Directrice du département finance, économie et développement urbain de la Banque mondiale, Zoubida Alloua explique à l'AFP que, faute de transports publics performants, l'idée de faire payer aux automobilistes le droit d'utiliser la voiture ou réduire les parcs de stationnement s'avère souvent vaine.

«Les gouvernements doivent investir beaucoup dans les transports publics, au lieu des routes. Sinon il est très difficile de jouer sur l'aspect financier. On ne peut pas pénaliser les gens si on ne leur offre pas d'alternative», insiste-t-elle.

Le rapport de la Banque mondiale montre aussi que le nombre d'accidents routiers s'est réduit dans les pays développés, alors qu'il est en moyenne quatre fois plus élevés dans les pays émergents.

Piste cyclable séparée si le trafic dépasse les 30 km/h 

Selon une étude de l'Observatoire de la mobilité urbaine pour l'Amérique latine, dépendant de la CAF, les conditions de sécurité sont très mauvaises, avec à l'appui un chiffre inquiétant: 51 % des victimes mortelles d'accidents de la route sont des piétons.

Le constat latino-américain dressé par la CAF est sans appel: «le transport public est de mauvaise qualité et d'un coût élevé pour les usagers».

Autre phénomène constaté dans cette région, la hausse du parc des motos qui «augmente de 15 % par an», «ce qui génère de l'insécurité», indique à l'AFP Nilo Cruz, représentant d'un réseau international de villes latino-américaines.

Le vélo, alternative moins risquée, pâtit du manque de pistes cyclables.
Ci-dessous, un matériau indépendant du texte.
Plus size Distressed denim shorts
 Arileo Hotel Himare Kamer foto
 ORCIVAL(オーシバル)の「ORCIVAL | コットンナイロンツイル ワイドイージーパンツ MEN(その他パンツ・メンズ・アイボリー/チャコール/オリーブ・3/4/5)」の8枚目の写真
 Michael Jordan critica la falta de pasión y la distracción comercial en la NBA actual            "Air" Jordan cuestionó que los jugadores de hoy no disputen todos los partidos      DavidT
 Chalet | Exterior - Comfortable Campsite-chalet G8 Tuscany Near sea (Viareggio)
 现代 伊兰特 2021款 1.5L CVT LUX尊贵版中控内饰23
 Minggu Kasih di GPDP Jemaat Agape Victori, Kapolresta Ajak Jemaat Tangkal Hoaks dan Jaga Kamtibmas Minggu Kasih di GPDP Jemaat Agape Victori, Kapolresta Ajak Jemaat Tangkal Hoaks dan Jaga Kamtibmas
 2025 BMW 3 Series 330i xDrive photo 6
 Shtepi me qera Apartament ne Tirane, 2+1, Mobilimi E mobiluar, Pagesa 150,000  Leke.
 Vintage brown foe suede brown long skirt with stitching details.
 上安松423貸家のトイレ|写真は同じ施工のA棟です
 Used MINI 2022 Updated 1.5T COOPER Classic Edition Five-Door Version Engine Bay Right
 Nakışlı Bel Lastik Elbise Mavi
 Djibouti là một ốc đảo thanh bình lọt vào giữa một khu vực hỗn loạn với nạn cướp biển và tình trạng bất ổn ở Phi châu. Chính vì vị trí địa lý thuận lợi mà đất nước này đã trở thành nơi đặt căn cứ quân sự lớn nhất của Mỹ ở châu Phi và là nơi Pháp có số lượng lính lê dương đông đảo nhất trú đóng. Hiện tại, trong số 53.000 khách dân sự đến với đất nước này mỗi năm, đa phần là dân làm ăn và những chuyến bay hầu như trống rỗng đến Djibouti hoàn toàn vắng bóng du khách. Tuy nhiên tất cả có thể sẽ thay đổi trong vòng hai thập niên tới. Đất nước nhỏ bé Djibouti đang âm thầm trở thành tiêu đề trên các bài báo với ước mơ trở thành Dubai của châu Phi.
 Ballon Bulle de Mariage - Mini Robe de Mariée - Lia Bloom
Secrétaire général de la Fédération européenne des cyclistes, basée à Bruxelles, Bernhard Ensink estime qu'une piste cyclable séparée est nécessaire dès lors que le trafic dépasse la vitesse de 30 kilomètres par heure.

«Sans infrastructure sécurisée, il est possible de se retrouver dans un conflit permanent» avec les voitures, souligne M. Cruz.

Au-delà des pistes cyclables, les experts insistent sur une gestion innovante du trafic lui-même: feux intelligents, adaptation des rues avec changement de sens de circulation en fonction des flux durant la journée, etc.

L'un des freins à ces alternatives à la voiture réside dans l'impopularité de ces mesures, admet Mme Alloua. «Dans beaucoup de pays qui ont adopté ce changement, le gouvernement y gagne financièrement à investir dans les transports, et les gens finissent par s'adapter», assure-t-elle toutefois.